What to do: Below are the records; restate all of them exactly.

[Data extracted from a collection]
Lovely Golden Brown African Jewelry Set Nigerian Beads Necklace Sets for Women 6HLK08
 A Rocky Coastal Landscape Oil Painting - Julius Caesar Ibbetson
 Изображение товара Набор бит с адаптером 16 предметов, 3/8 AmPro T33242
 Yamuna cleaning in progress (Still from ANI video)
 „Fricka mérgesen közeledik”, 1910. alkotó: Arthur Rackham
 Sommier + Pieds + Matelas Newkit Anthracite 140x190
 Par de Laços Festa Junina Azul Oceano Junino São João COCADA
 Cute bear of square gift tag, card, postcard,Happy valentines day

Response to the task:
Lovely Golden Brown African Jewelry Set Nigerian Beads Necklace Sets for Women 6HLK08
 A Rocky Coastal Landscape Oil Painting - Julius Caesar Ibbetson
 Изображение товара Набор бит с адаптером 16 предметов, 3/8 AmPro T33242
 Yamuna cleaning in progress (Still from ANI video)
 „Fricka mérgesen közeledik”, 1910. alkotó: Arthur Rackham
 Sommier + Pieds + Matelas Newkit Anthracite 140x190
 Par de Laços Festa Junina Azul Oceano Junino São João COCADA
 Cute bear of square gift tag, card, postcard,Happy valentines day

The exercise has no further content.